*PROBLEM STATEMENT*
No pictures belong in the copy. Reproduce exactly the lines beginning at the line containing "Chanel Silk CC" and continuing to the end of the entries below.
((
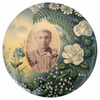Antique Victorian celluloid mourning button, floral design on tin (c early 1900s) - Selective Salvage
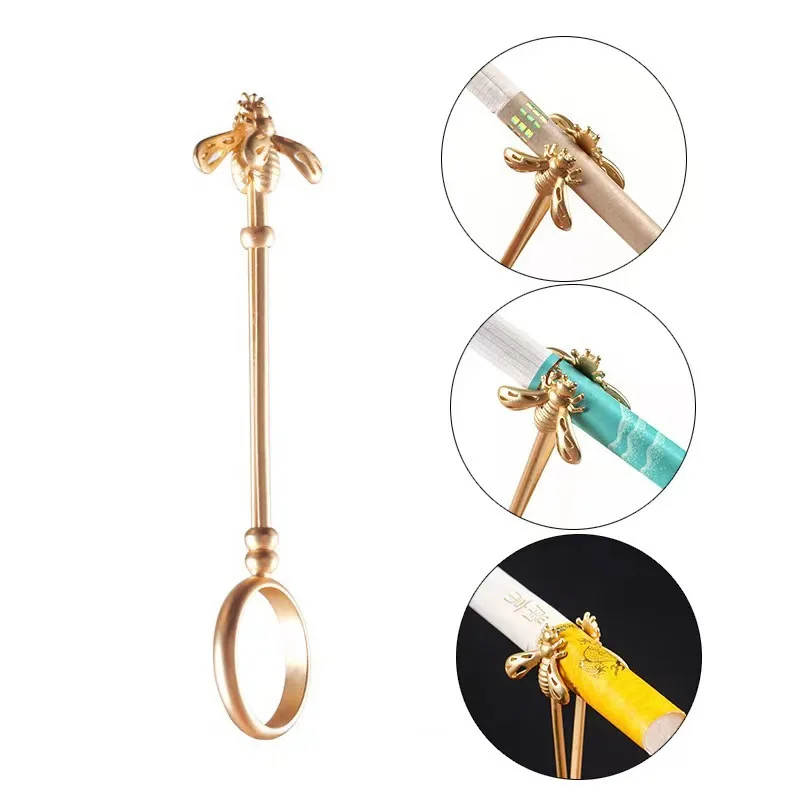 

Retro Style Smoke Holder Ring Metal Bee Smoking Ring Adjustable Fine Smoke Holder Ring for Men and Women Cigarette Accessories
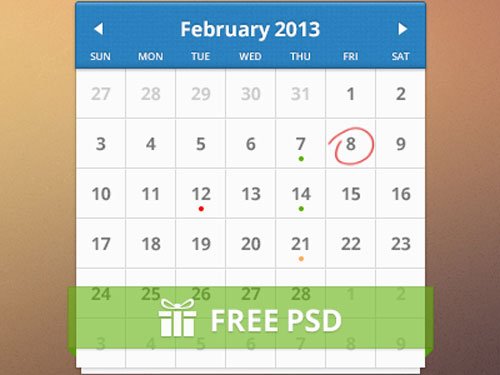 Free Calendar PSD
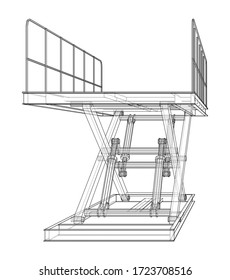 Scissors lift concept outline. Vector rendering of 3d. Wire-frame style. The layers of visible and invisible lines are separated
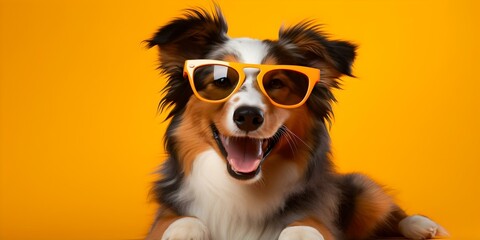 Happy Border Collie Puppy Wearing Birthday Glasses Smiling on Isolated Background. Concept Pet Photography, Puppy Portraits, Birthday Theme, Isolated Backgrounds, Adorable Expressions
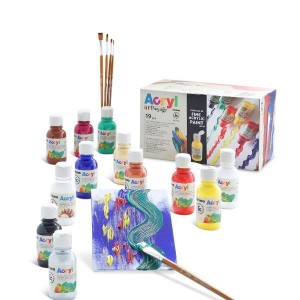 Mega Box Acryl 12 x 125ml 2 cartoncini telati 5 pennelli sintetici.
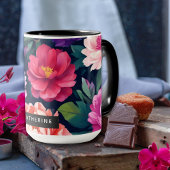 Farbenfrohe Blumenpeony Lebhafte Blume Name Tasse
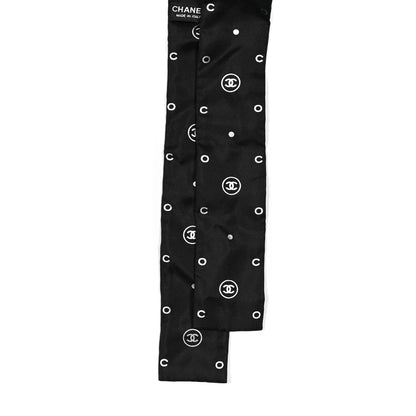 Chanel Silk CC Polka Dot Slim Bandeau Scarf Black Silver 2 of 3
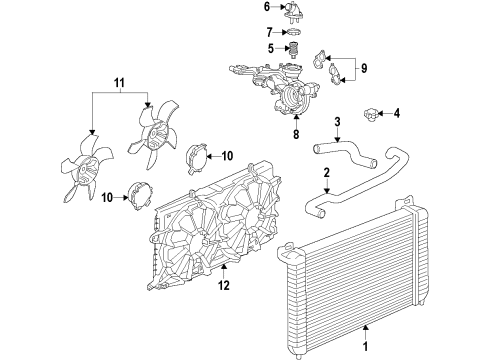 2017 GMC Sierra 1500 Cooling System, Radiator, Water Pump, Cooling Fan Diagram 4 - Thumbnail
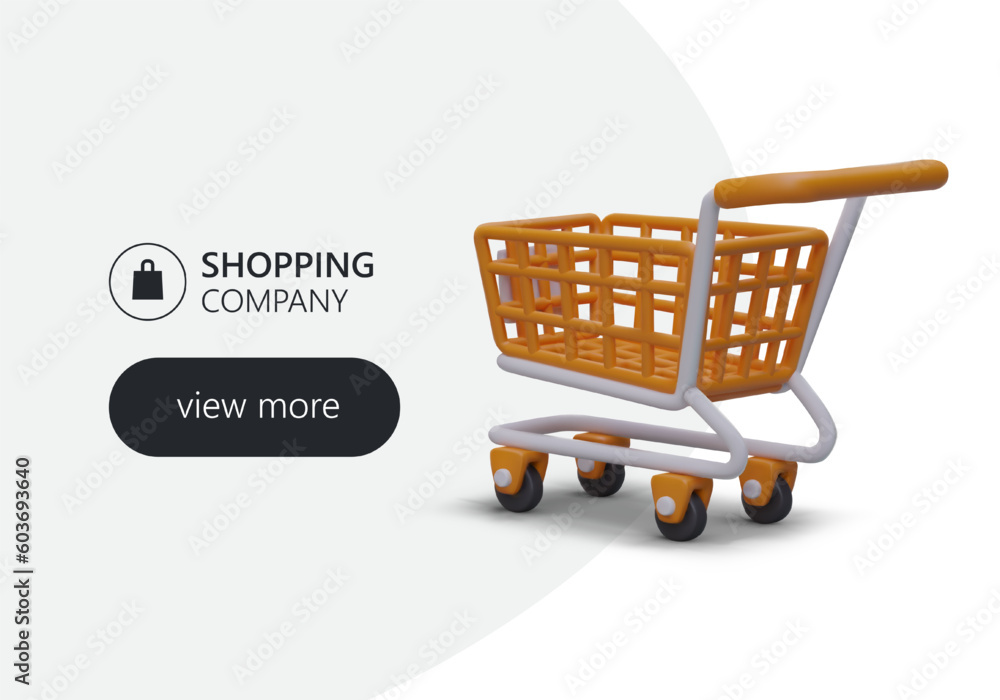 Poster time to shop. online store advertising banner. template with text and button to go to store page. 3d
))
*ANSWER TO THE EXERCISE*
 Chanel Silk CC Polka Dot Slim Bandeau Scarf Black Silver 2 of 3
 2017 GMC Sierra 1500 Cooling System, Radiator, Water Pump, Cooling Fan Diagram 4 - Thumbnail
 Poster time to shop. online store advertising banner. template with text and button to go to store page. 3d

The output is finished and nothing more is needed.